Her tough-guy act doesn’t always work. “Take It” flips between chugga-chugga guitars, early-aughts indie-rock horn charts, and electroclash fizz while she shouts, “I’m losing the grip,” and you sort of agree. “No Lube So Rude” itself has much to recommend it, particularly in the centrality of its titular substance when it comes to fisting; some of its synth toms even sound like silicone lube spurting out of the tube, and others sound like water-based squirts. But then those horns return and it’s a reminder that not all Y2K pop (“4 Minutes,” for example) is worth a squeeze.
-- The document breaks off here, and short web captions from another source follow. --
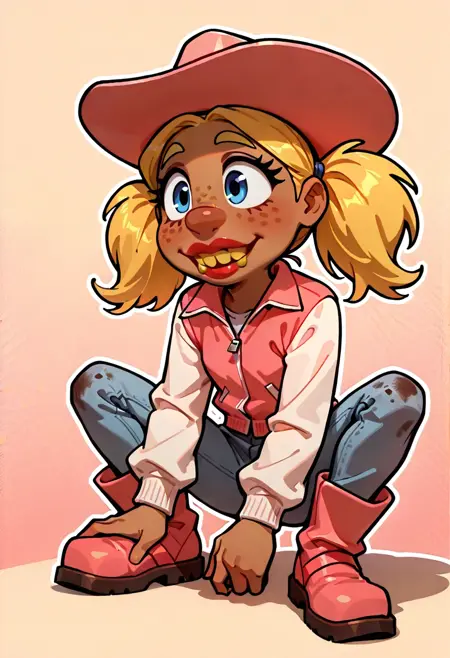 Charlene (SML/Supermariologan)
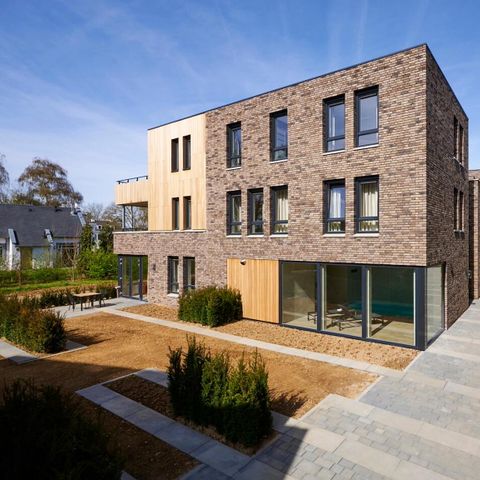 Apartment 6 persons - Castellum Penthouse Prestige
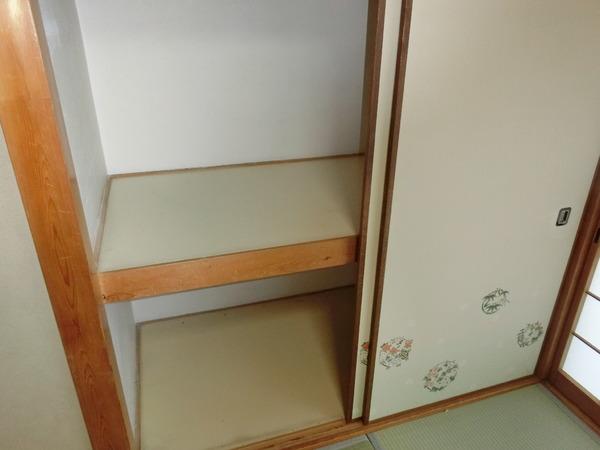 生駒市北新町　貸家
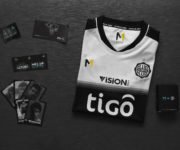 Review Camiseta titular Meta Sports del Club Olimpia 2021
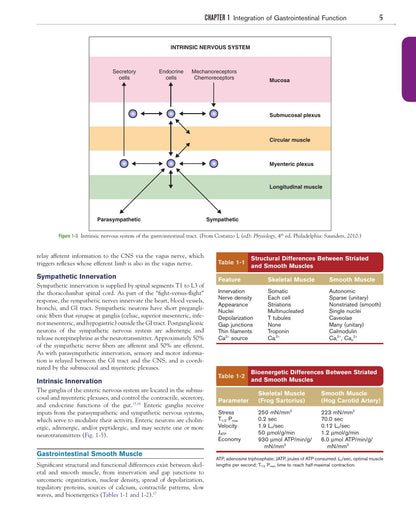 Canine and Feline Gastroenterology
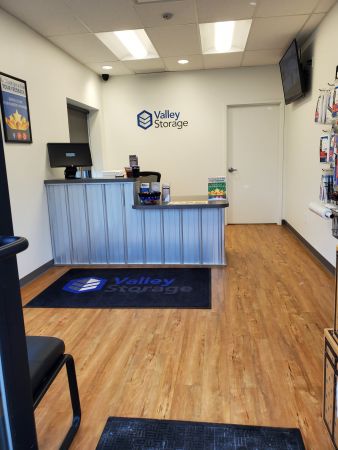 Valley Storage - Medina - 5010 Gateway Drive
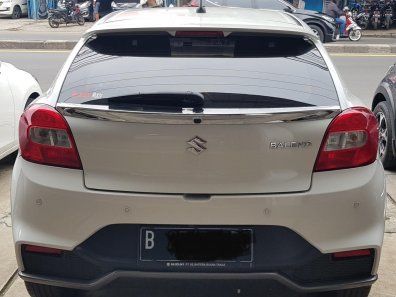 Jual Suzuki Baleno 2019 Hatchback A/T di DKI Jakarta-1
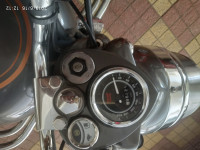 Royal Enfield Bullet Standard 500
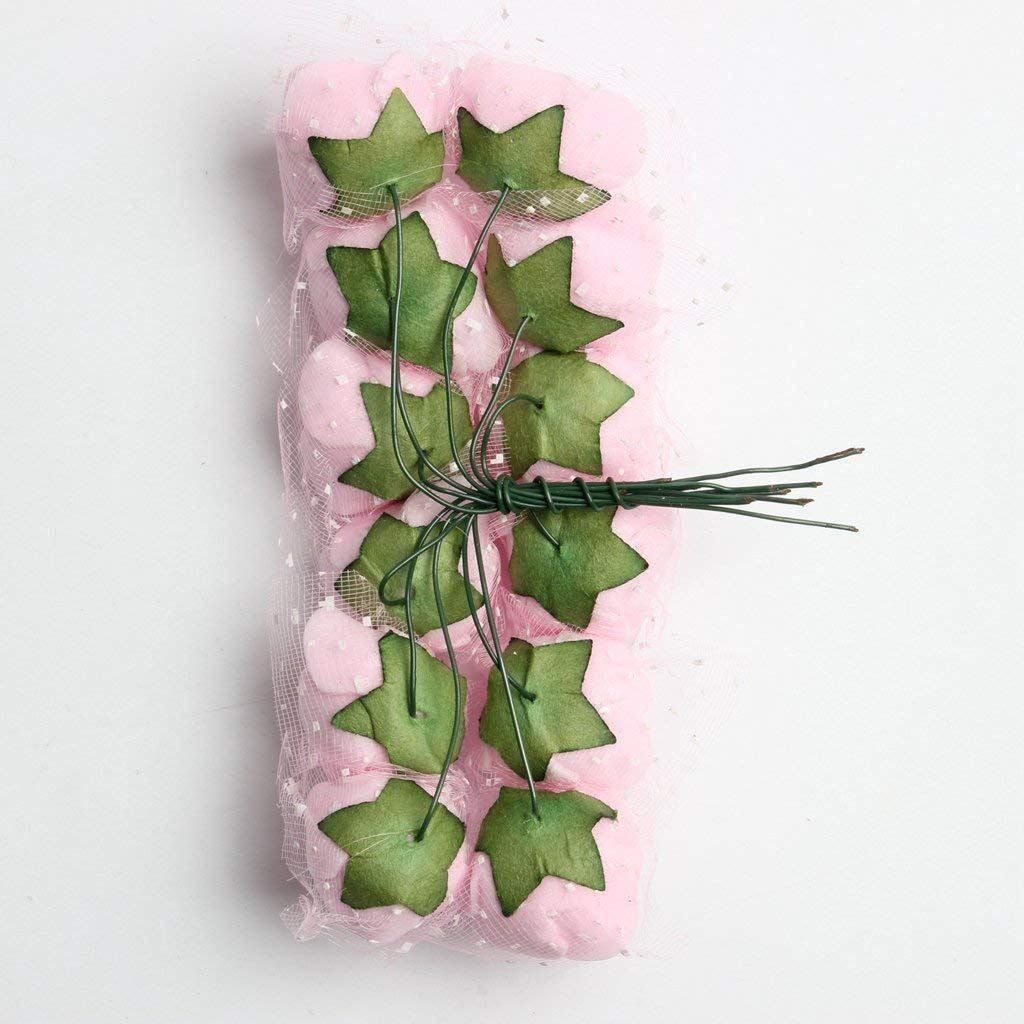 Tutte le decorazioni: Rosen Mini Blumen 12stück (a6) – Nuovo e nell'imballaggio originale da Spreitenbach venduto da mario-shop.xs 1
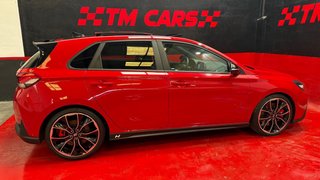Hyundai i30 2019 “65.000KM SOLO PERFORMANCE SKY”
Like Madonna, Peaches has the nerve to age in public and still be horny. That progesterone call-out, after all, applies not just to trans folks but those in menopause, too. And anyone who finds it unseemly for a woman of a certain age to strut to industrial disco while licking her chops and promising (threatening?), “There’s no guest list here/Take a piss in here,” as Peaches does in “No Lube,” might remember that Peaches is actually younger than Trent Reznor, still promising to fuck you like an animal. What’s fair for the goddamn goose.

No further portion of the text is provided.